Caption-style text data:
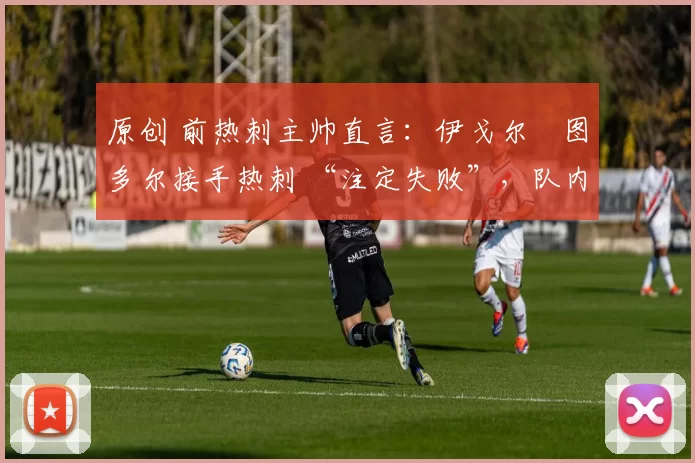 原创 前热刺主帅直言：伊戈尔・图多尔接手热刺 “注定失败”，队内氛围 “ toxic 至极”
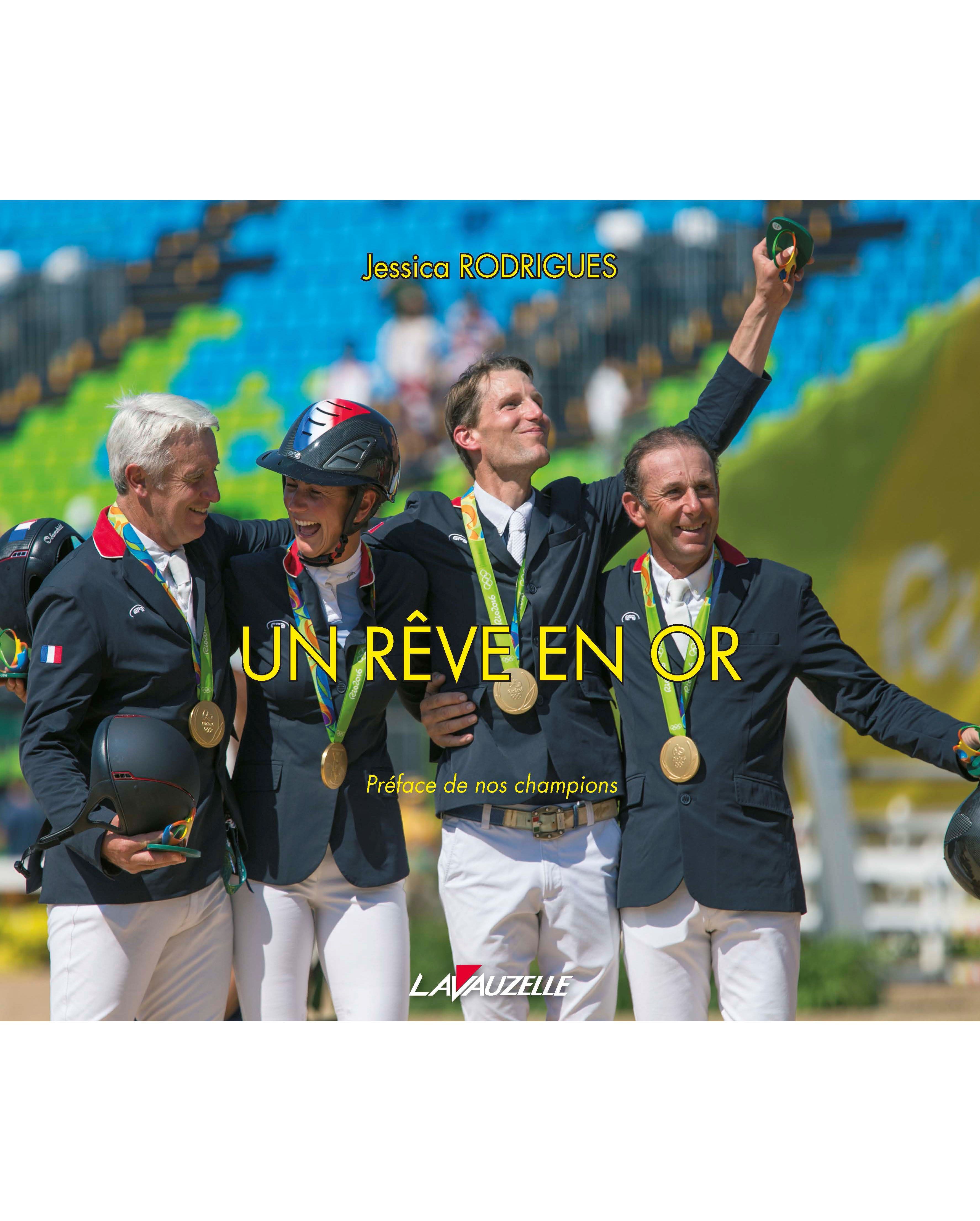 Un rêve en or, Rio 2016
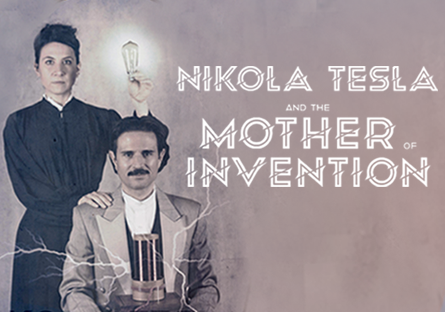 Genius runs in this Family.   Enjoy Phoenix College's showing of "Nikola Tesla and the Mother of Invention"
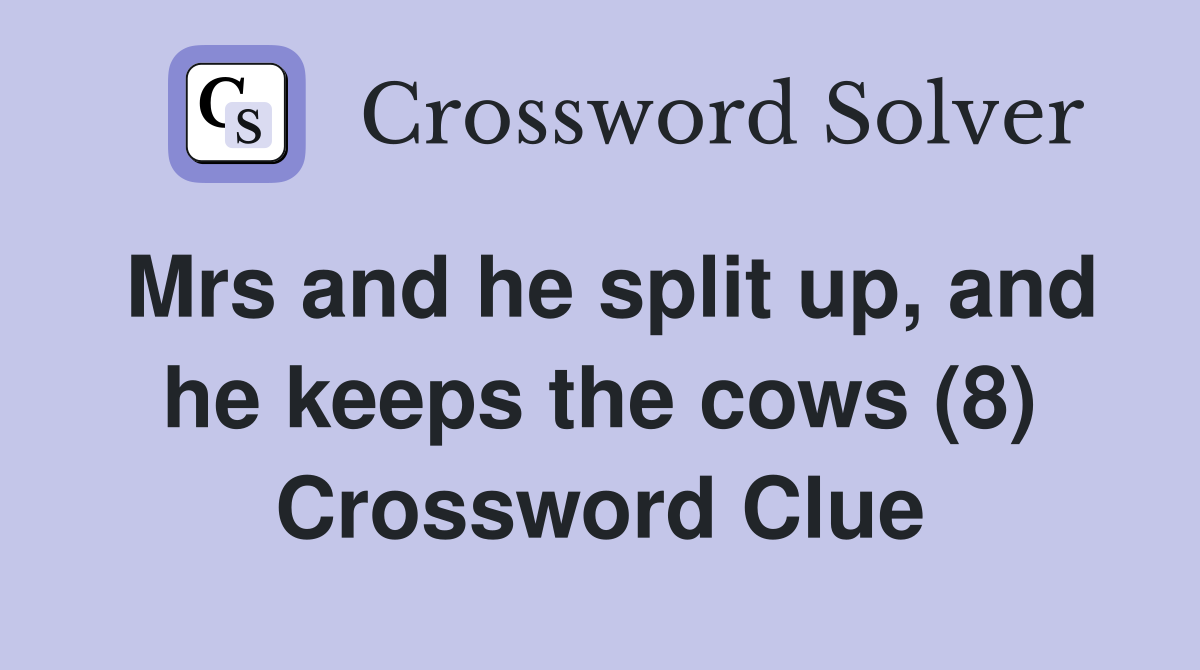 Mrs and he split up, and he keeps the cows (8) Crossword Clue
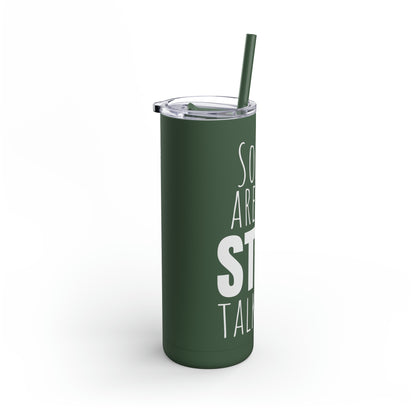 Skinny Matte Tumbler, 20oz - Annoyed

§ **WORK ITEM**:
Please set down the lines from the one with "Mrs and he split" to the end of the entries above, exactly as they are, and drop every picture.

§ **TASK OUTPUT**:
 Mrs and he split up, and he keeps the cows (8) Crossword Clue
 Skinny Matte Tumbler, 20oz - Annoyed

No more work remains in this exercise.